The reasoned appeal petition (additional petition, appellate appeal) is the petition in which the reasons for the appeal are shown. Prior to the enactment of the provisions of CMK No. 5271 on the way of Appeal Act, it was not mandatory for this petition to be granted. Zira Cmuk’s 314/2. on the basis of the ruling in the article “that the failure to show the reasons for appeal will not interfere with the review of Appeals”, the Supreme Court was able to re-observe the reasons for appeal. Following the enactment of the provisions of CMK No. 5271 on the ways of law as a whole, it became important to the extent to which this petition should be submitted.
In a sense, we can say that the legislator risked finalizing an unlawful decision, even if on the grounds of “not just showing cause of Appeal”, in order to speed up judgment and prevent the Supreme Court from facing unnecessary workload, whose main purpose is to ensure stable, identical interpretation and application of the rules of law in the country.
However, when the provisions in question are examined for the right to a fair trial and access to justice, the acceptance that the appeal petition “which does not demonstrate in a concrete way what illegalities are based” or the additional appeals issued later should be rejected in the face of the aforementioned legal regulations, both in the Constitution 2 and 36. it is difficult to say that its articles are in line with the criteria set out in the case law of the ECtHR as well as with the purpose of investigating and finding the material truth in a manner worthy of human dignity.

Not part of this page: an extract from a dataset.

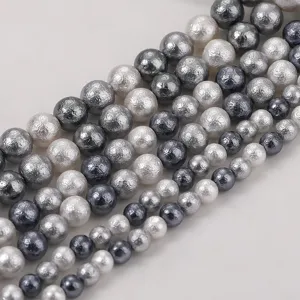 Close-up of mixed color wrinkled cotton pearl beads for DIY jewelry craft making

Although the law states that “additional petitions shall be granted within seven days”, the petition that reaches the Supreme Court must also be accepted after the passing of this period but before the examination of the Supreme Court. Once an appeal has been requested, there is no obstacle to the granting of petitions or petitions until the Supreme Court begins its review, stating new reasons of Appeal that are not already stated in these petitions. An admission to the contrary, as in the case of civil procedure, brings the criminal trial to a purely formal trial.

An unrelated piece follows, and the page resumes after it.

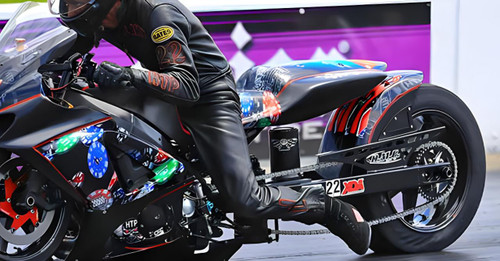 DME Aluminum Swingarm Suzuki GSXR1000 (07-08), motorcycle swingarm on a racing bike with vibrant graphics and a blurred background. Loading Image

As a result, once an appeal has been requested, there is no obstacle to the granting of petitions or petitions until the court of Cassation begins to examine them, and the reasons for new appeals that are not stated in advance in these petitions. The additional petitions and the reasons for the appeals shown in the run-up to the Supreme Court’s review must also be examined and supervised by the Supreme Court. Of course, it is necessary that the petition in question be submitted to the court which gives the verdict in a timely manner, indicating all the reasons for the appeal. If, during the Supreme Court’s review, it is understood that no cause of Appeal was included in the appeal, then only then

the request for appeal must be rejected.
With these measures, it is understood that the majority “appeal petition does not contain the reasons for appeal and did not submit the reasoned appeal petition within the period from the notification of the reasoned decision, the request for appeal was submitted by CMK 298. it has not been possible to agree with his opinion on the” rejection ” under the clause.